Legumes are the other veggie bowl game-changers. They impart a creamy texture and flavor, while also providing a nice hit of protein to your bowl. While cooking legumes from scratch can be a time challenge during the week, I am an enthusiastic advocate of canned legumes as a quick and tasty way to prepare a veggie dish quickly. Cannellini, garbanzo, borlotti, and black beans are a few of my staples. I prefer to cook my lentils from scratch, as they have more flavor than the canned variety. Plus, they only take around 20 to 30 minutes to cook.
For extra flavor when cooking lentils, add one clove of peeled garlic, a big pinch of sea salt, and a bay leaf to your water. When your lentils are ready, drain, discard the bay leaf, and mash up the garlic and stir through the hot lentils.
Cooking Beans or Lentils from Scratch?
3. Add sauce for robust flavor.
Your sauce — be it a vinaigrette or a creamy tahini dressing — is the single string that will tie your veggie bowl together. Get it right by building in the flavors slowly and incrementally.
While we are often told of the classic salad dressing ratio of one part acid to three parts oil, I don’t necessarily agree with this formula. Rather, I am a proponent of tasting your dressing as you whisk. Start off with equal parts oil and acid, add in any aromatics (such as chilies, garlic, shallots, or fennel seeds), drop in your emulsifier of mustard or egg yolk, and then whisk this all together.
Next comes the crucial step: tasting! Taste, then adjust amounts of oil and acid, season with sea salt and black pepper, and taste again. Keep going until you have achieved a balanced dressing.
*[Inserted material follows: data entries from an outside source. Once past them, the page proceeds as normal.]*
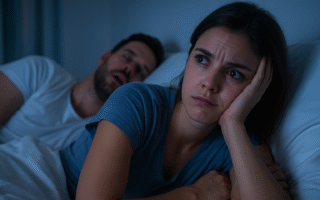 Será que ele me ouve roncando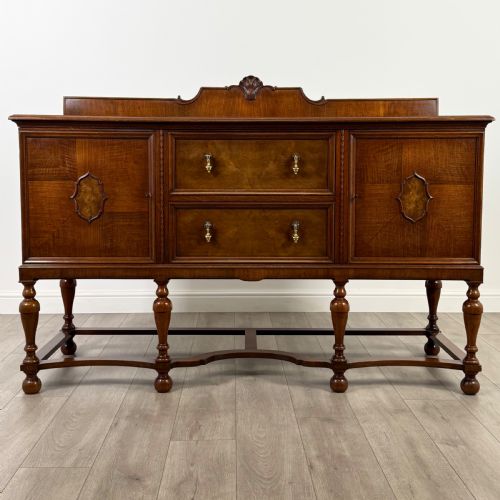 antique 20th century jacobean revival style sideboard - CATEGORY: ANTIQUE SIDEBOARDS - DATED EDWARDIAN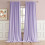 Lavender Room Darkening Curtains Rod Pocket Back Tab 1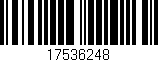 Código de barras (EAN, GTIN, SKU, ISBN): '17536248'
If it is too acidic, drop in a half teaspoon of sugar or a whisker of maple syrup to tame the tartness.
And don’t just stick to oil and acid with your dressings!
- Venture further afield with Asian-style sauces that incorporate ginger, tamari, rice vinegar, and sesame oil. One of my favorite sauce additions is mirin, a Japanese sweet rice wine, which adds a gentle acidity and sweetness.
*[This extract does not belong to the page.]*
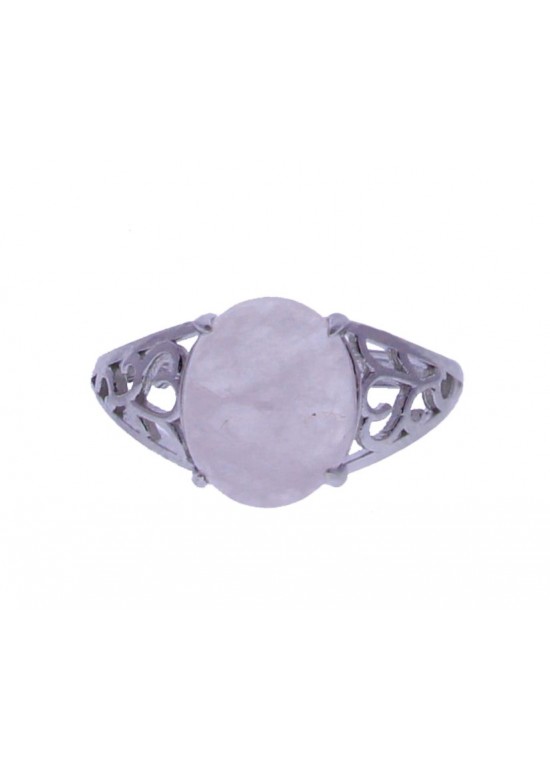 Anillo con Piedra Color Rosado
- Pesto is an endlessly versatile sauce that can incorporate a myriad of flavors. Along with traditional basil pesto, you can use other herbs such as cilantro or parsley, or perhaps use the greens from your bunch of carrots, radishes, or beets. Smashed peas or fava beans also make an intriguing, flavorsome base for pesto as well.
- My all-time favorite veggie bowl sauce is tahini. Its earthy nuttiness is irresistible. I love to add maple syrup and sesame oil to my tahini to make a sweet sesame dressing, or mix it up with handfuls of herbs for a complex green tahini. Teamed up with yogurt and lemon, it makes a zesty, creamy sauce that you will want to splash on everything.
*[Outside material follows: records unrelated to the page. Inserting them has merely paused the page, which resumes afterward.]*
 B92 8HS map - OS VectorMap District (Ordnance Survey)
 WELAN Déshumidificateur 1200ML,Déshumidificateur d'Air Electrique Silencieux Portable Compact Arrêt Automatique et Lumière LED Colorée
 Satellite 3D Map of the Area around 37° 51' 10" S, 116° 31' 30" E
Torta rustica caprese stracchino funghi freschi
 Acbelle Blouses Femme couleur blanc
Get a recipe: 16 Easy Sauces Every Vegetarian Cook Should Know
4. Be brave and generous about your herbs.
I am never shy with herbs since they add so much texture and freshness to any plant-based dish. Every week I purchase at least two bunches of herbs. I go for whatever is in season and looks green and vibrant. From spring into early summer is when soft herbs like basil, mint, chervil, dill, thyme, cilantro, and sage are in abundant supply. In summer oregano and marjoram appear, and for the rest of the year, parsley is usually readily available. In my view, a veggie bowl is not finished until you have scattered it with a handful of herbs.
5. Use nuts to boost your veggie bowl’s flavor and texture.
Not only do nuts add a lovely crunch and texture to your dishes, but they also completely elevate your dish’s satisfying flavor power, thanks to their rich fat content. My pantry is always stocked with plenty of pre-toasted nuts. My favorites are almonds, hazelnuts, pine nuts, sesame seeds, sunflower seeds, pumpkin seeds, and nigella seeds. Scatter a few over your bowl before serving as a power-up before you dig in.